The most common ways I've seen to do this are:
1. Put a dead shrimp from the grocery store (or dead fish if you have one) in the tank to start decaying. It's a little less messy if you tie it inside a portion of pantyhose & then throw it in).
2. Fish food (like you mentioned). I don't personally use this method because of the mess, but I know plenty of people who do.
3. Using cheap live fish to fill the water with pee/poop/food. I've used minnows with success. Just don't use anything you can't handle losing.
4. Adding filter media/sponge/gravel or anything you can from an established tank can help some. 
5. Add pure ammonia to your tank. (I do not know anyone who does this anymore because of the struggle to keep things chemically balanced. I'm sure there's people on here who could tell you more about that one, though).
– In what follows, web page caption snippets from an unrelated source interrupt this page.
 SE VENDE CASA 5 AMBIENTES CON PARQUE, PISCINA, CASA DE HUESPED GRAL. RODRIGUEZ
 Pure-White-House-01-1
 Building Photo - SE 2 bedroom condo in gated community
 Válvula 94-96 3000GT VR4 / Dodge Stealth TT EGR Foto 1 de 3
You mentioned you had read up on the process, so I won't go into a lot of detail you probably already know. But I would get an API test kit and test often or you will not reliably know when you are finished cycling. Do partial water changes if/when any levels get way too high. Once your levels are stable, add stock slowly, in stages. That way you can keep your bacteria where it can handle the changing bio-load of your tank. 

I wouldn't add the catfish or the molly until fully cycled, if you want 100% to keep them. It's hard to look at an empty tank for so long, I know, but patience is the key in this hobby. Other than that, more patience!
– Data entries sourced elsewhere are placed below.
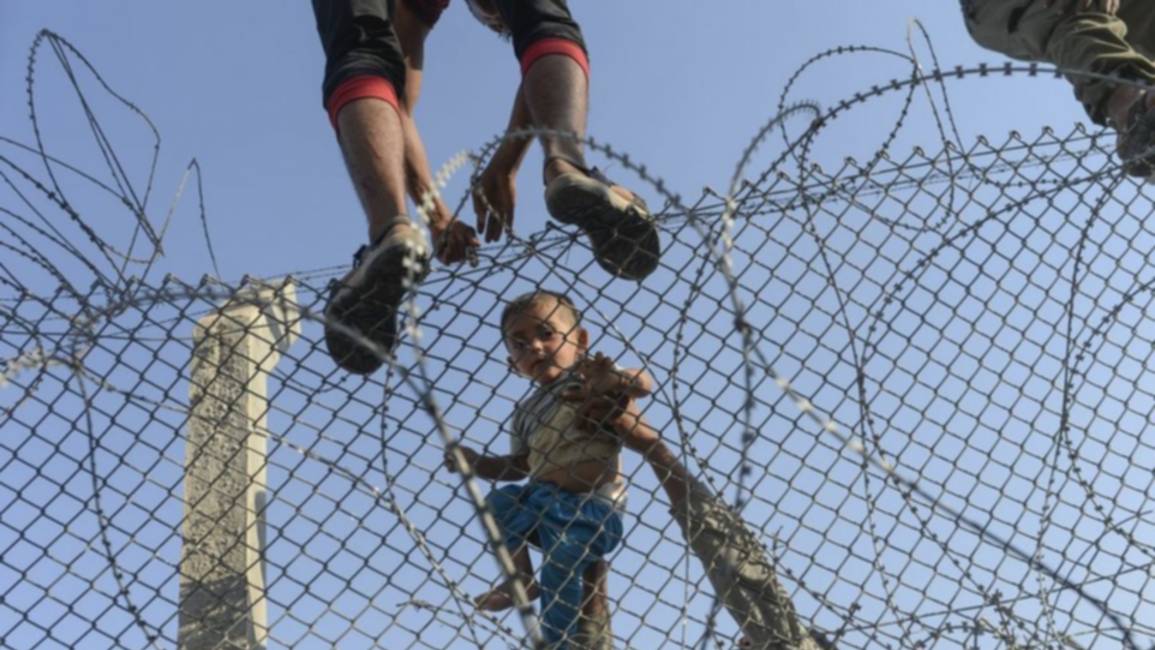 Empiezan a recibir a refugiados sirios que huyen de Tall Abyad | Turquía, Estado Islámico, Tall Abyad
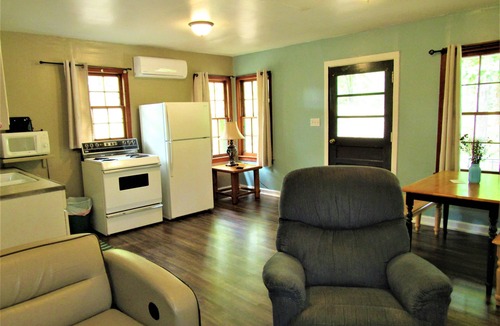 Almo House | Cabin 1 at Kentucky Lake's Lynnhurst Family Resort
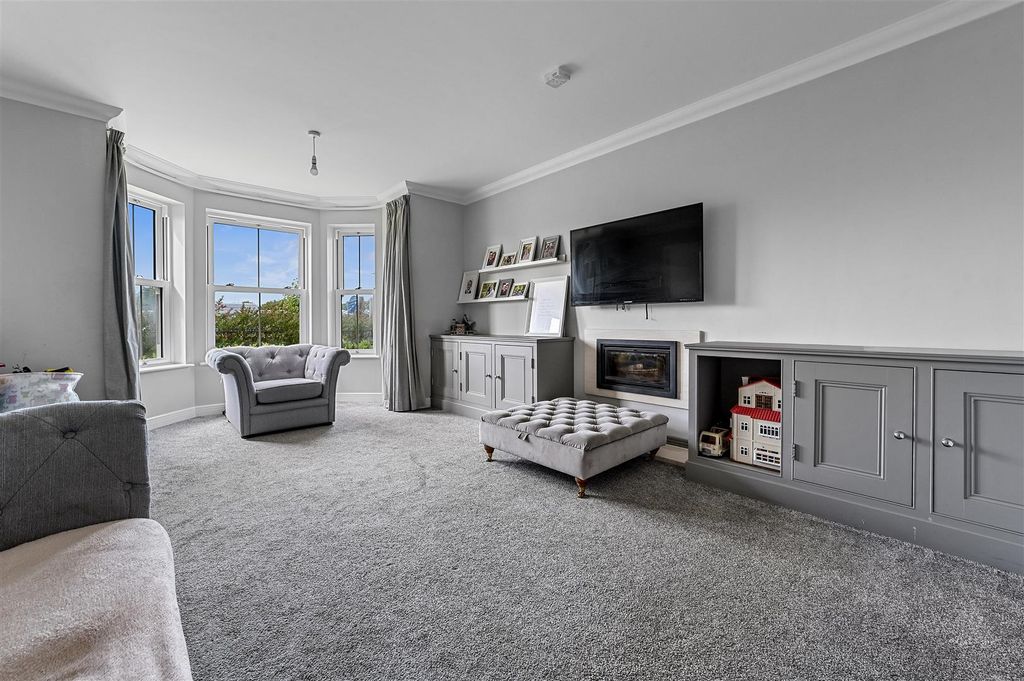 Property photo 2 of 13 Sitting Room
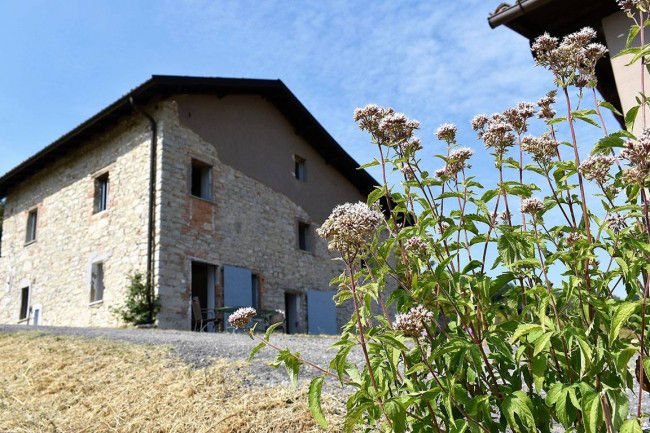 Rustico in vendita a Colli Verdi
If you wait, you'll be able to keep your fish alive. I know my cats are hardy and have survived a lot, but I wouldn't risk cycling with them.


----------



## e048 (Dec 23, 2010)

Honestly mollies are pretty hardy and cheap you can try and cycle your tank with a single smallish cheap Molly sometimes the big chain fish graveyards, sorry I mean pet stores have $1 Molly sales

The shrimp thing works well too or if you have buddy with a long running successful tank ask him for a handful of gravel or some of his used filter media make sure it stays wet if it drys out the bacteria will die off


----------



## WildForFish (Aug 5, 2008)

Not sure a 12 gallon tank will be sufficient to set up a proper habitat. ( is this a column tank? )

A proper set up for Synodontis nigriventris should include structures with tunnels / caves made from rocks and driftwood along with large leafed plants. 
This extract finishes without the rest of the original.